▸ **Exercise brief**
Retype, word for word, only the lines from the one containing "Close up of" through the last line of the listing below. Pictures do not belong in the result.

▸ **Collected data**
++++
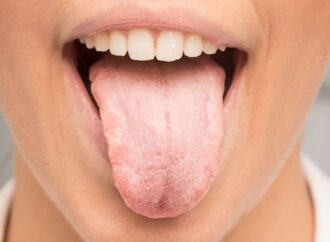 Απίστευτο: Aρχισαν να φυτρώνουν μαύρες τρίχες στη γλώσσα αυτής της γυναίκας μετά από τροχαίο -Η εικόνα που σόκαρε τους γιατρούς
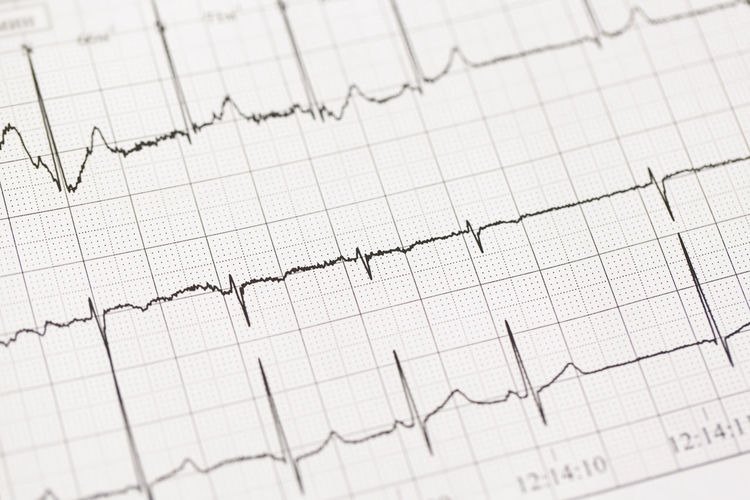 Close up of ecg, electrocardiogram. the work of a healthy heart on paper.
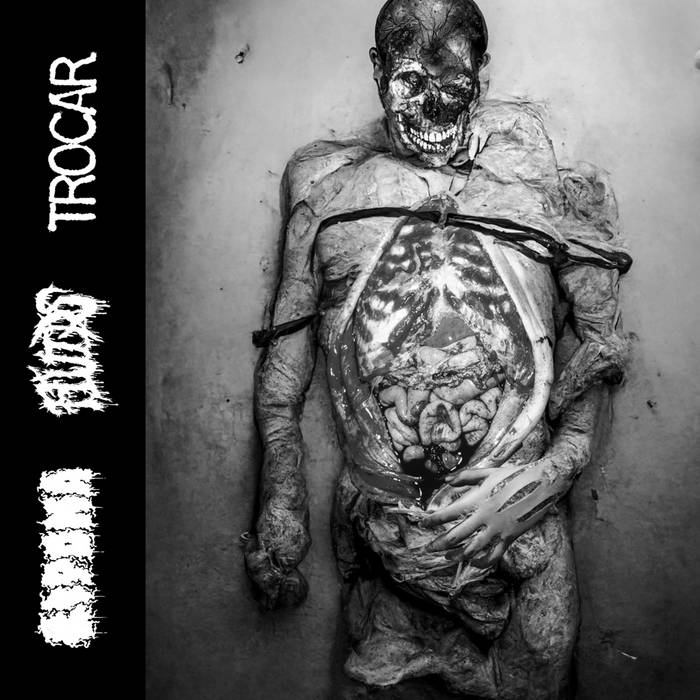 Fluids/Lipoma/Trocar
++++
▸ **Task output**
 Close up of ecg, electrocardiogram. the work of a healthy heart on paper.
 Fluids/Lipoma/Trocar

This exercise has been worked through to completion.